No es fácil ser ateo en Semana Santa, en las calles hay procesiones con bonitas banderitas y canticos hermosos, en la casa tu madre quiere de una vez por todas convencerte de que existe la bondad divina, y en  el Facebook los si creyentes acusan a los no creyentes de darle la espalada a Nietzsche cada sábado de gloria y tomar sin chistar su respectiva dotación de vacaciones.

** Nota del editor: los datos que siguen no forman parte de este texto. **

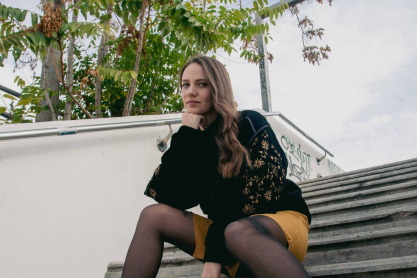 Για τη Φωτεινή Παπαθεοδώρου, η ζωή είναι σαν παράσταση και η ταινία της θα ‘χει τίτλο “Φέτα και Τσένταρ”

No, no es nada fácil. Dan ganas de entonar a coro esa partecita donde se le pide a Dios que nos perdone como nosotros perdonamos a los que nos ofenden, que nos guarde, que nos proteja, que nos ayude, que nos disculpe, que nos salve finalmente de todo lo que puede una persona ser salvada.

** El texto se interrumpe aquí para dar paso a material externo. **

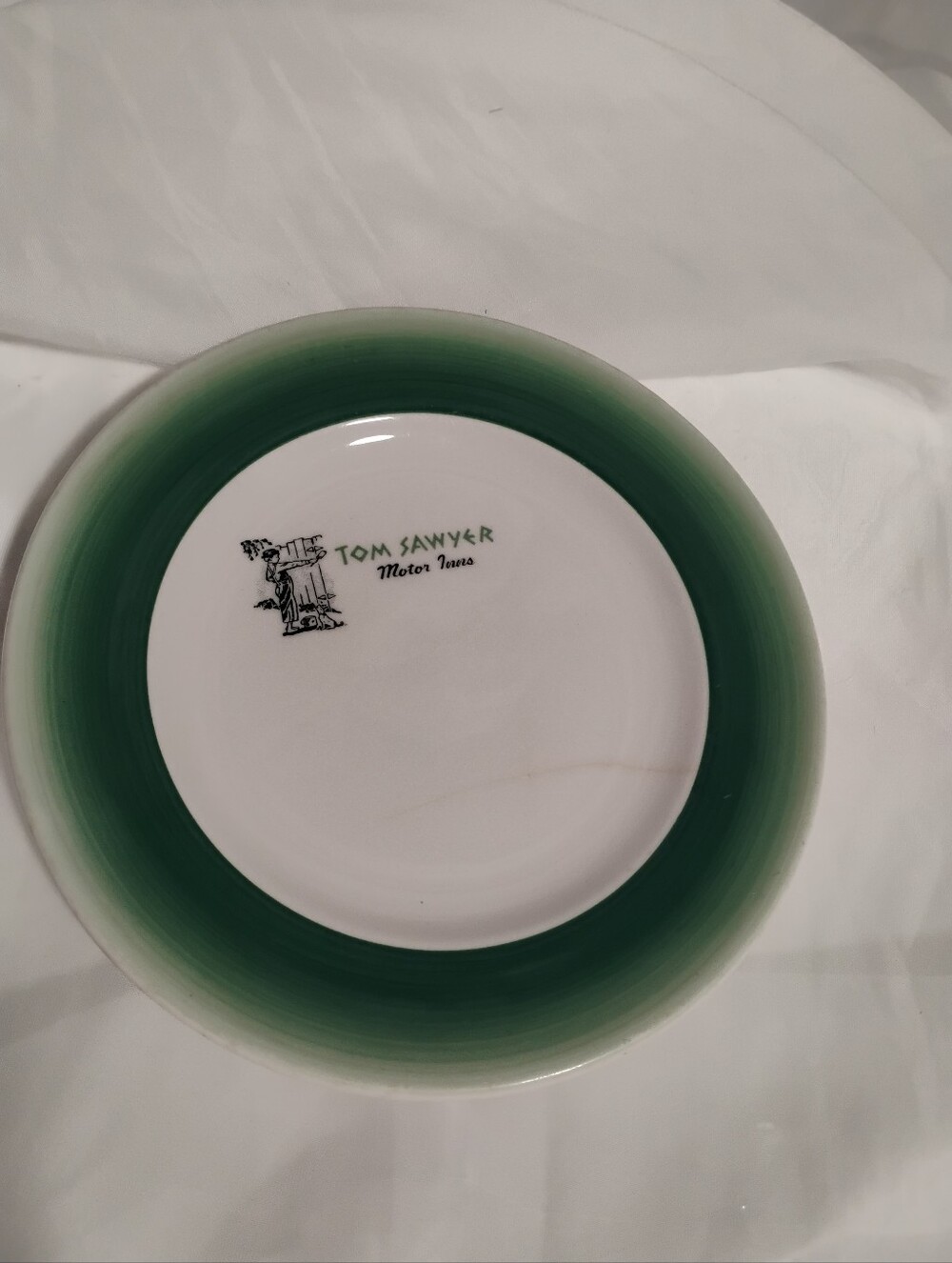 1953 Tom Sawyer Motor Inn restaurant ware plate 7in/Handpainted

Recuerdo que la primera vez que pensé en que tal vez era cierto eso de que Dios no existía, tenía unos nueve años, estaba viendo una película sobre un campo de concentración en la segunda guerra mundial, cuyo nombre no recuerdo,  donde dos presos judíos se cuestionaban sobre en qué momento vendría Dios a rescatarlos mientras esperaban, hincados frente a una zanja, su turno para recibir un tiro en la nuca por parte de un soldado nazi.

Uno le respondía al otro que Dios en ese momento si efectivamente existía, estaba de vacaciones. Ya no pude enterarme si Dios apareció o no pues mi madre le cambio a la televisión dos segundos después. Ahora pienso que tal vez fue porque su decisión también fue la de no enterarse.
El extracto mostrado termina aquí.